Joseph Manchin III is an American politician and businessman serving as the senior United States senator from West Virginia, a seat he has held since 2010. Manchin was the 34th governor of West Virginia from 2005 to 2010 and the 27th secretary of state of West Virginia from 2001 to 2005. He became the state's senior U.S. senator when Jay Rockefeller left office in 2015 and has since been West Virginia's only congressional Democrat. Before entering politics, Manchin helped found and was the president of Enersystems, a coal brokerage company his family owns and operates.

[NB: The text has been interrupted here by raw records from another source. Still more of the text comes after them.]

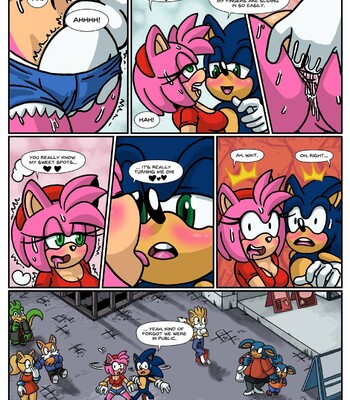 [Omega Zuel] Can’t Wait (Sonic The Hedgehog) comic porn sex 2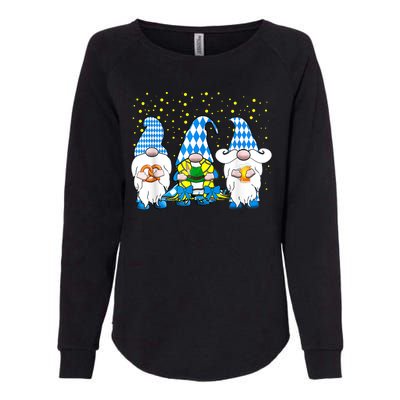 Bavarian Gnomes Octoberfest German Oktoberfest Womens California Wash Sweatshirt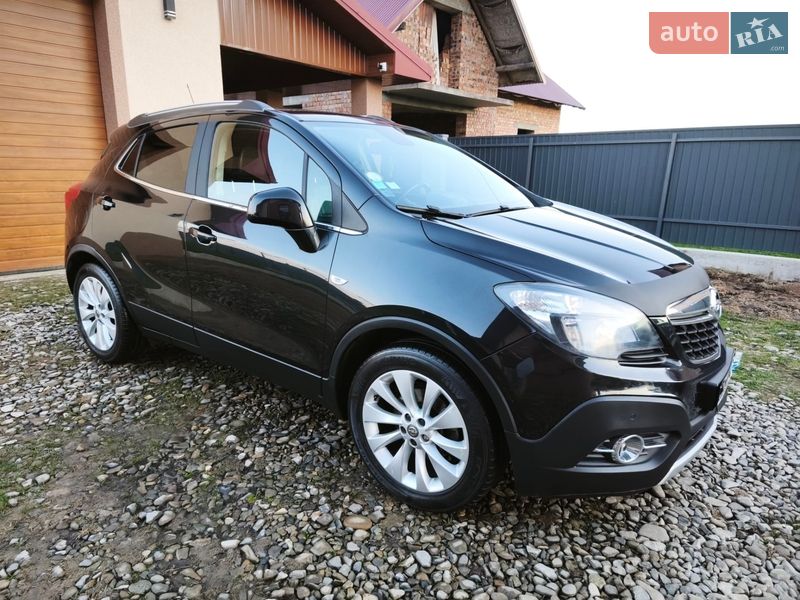 Позашляховик / Кросовер Opel Mokka 2015 в Коломиї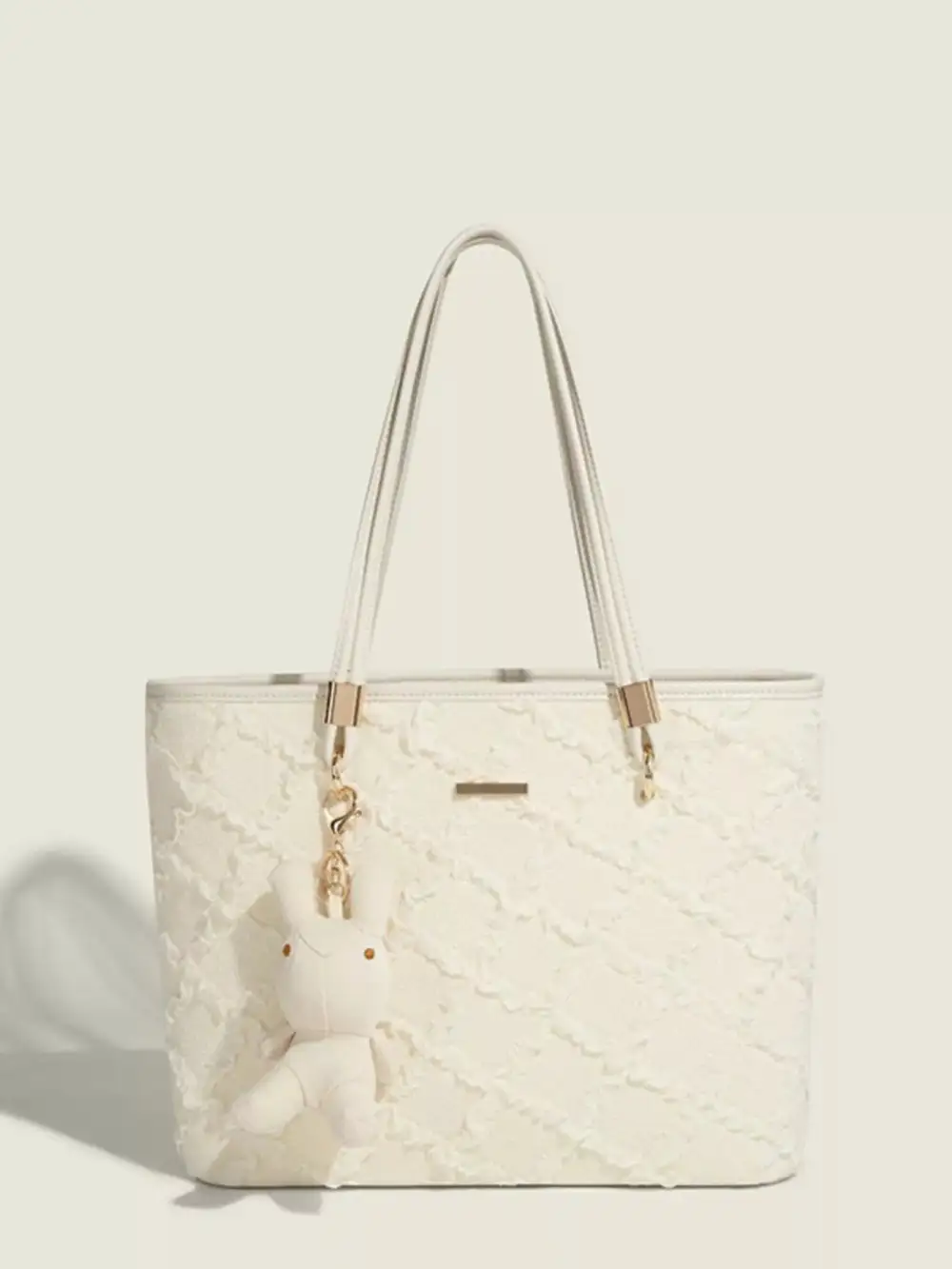 Tote Textured Shoulder Bag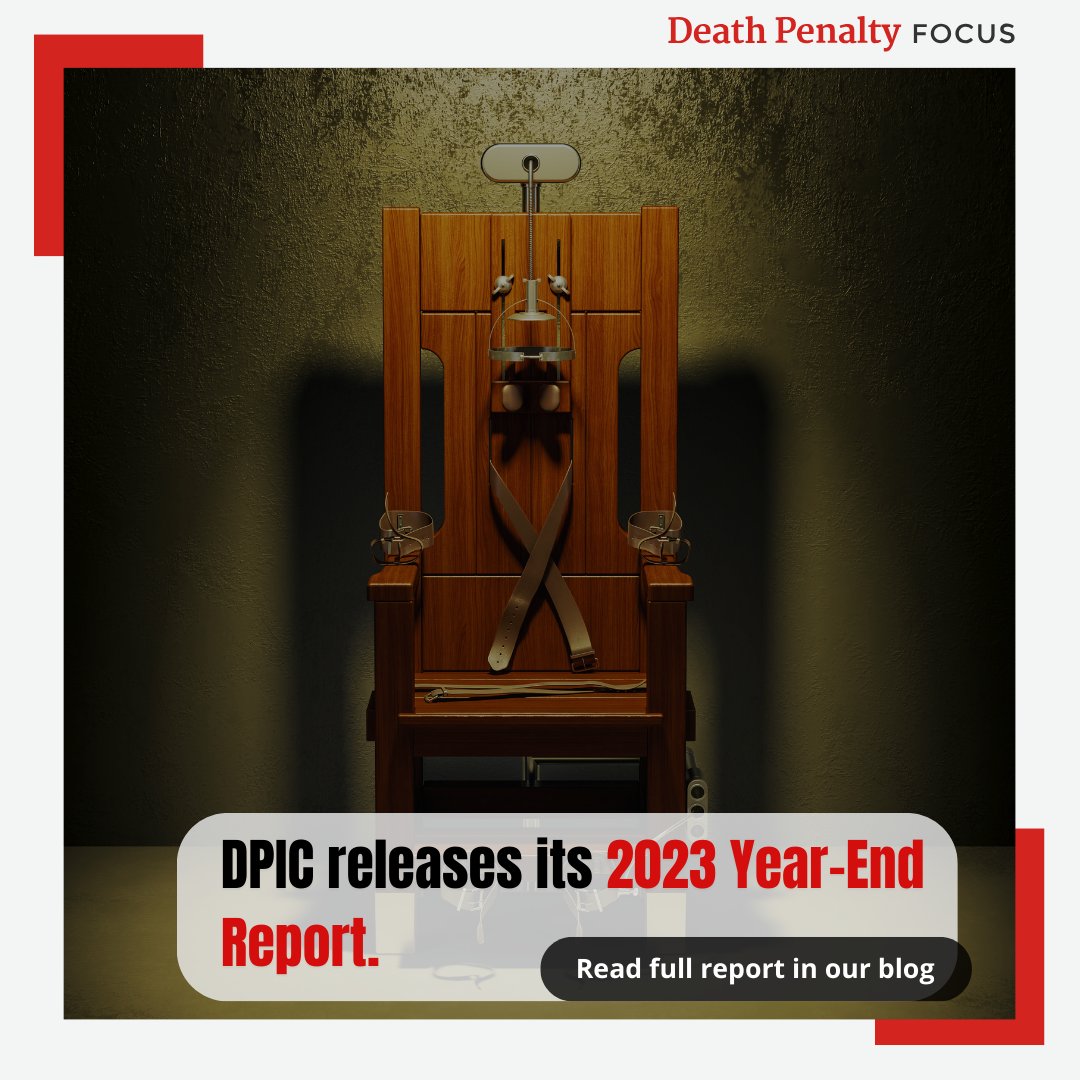 📊 In 2023, the U.S. saw its ninth year with under 30 executions and 50 death sentences, per the Death Penalty Information Center.

Check out our blog for insights on this year's trends: bit.ly/3uYSopI

#deathpenalty #humanrights #america #criminaljusticereform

Manchin won the 2004 West Virginia gubernatorial election by a large margin and was reelected by an even larger margin in 2008. He won the 2010 special election to fill the Senate seat vacated by incumbent Democrat Robert Byrd's death with 53% of the vote, and in 2012 was elected to a full term with 61% of the vote. Manchin won a second term in 2018 with just under 50% of the vote. In both elections, he over-performed the Democratic presidential ticket by more than 40 percentage points. Since 2021, Manchin has been the only Democrat holding statewide or congressional office in West Virginia, and represents what is, by a large margin, the most Republican-leaning constituency of any Democrat in Congress.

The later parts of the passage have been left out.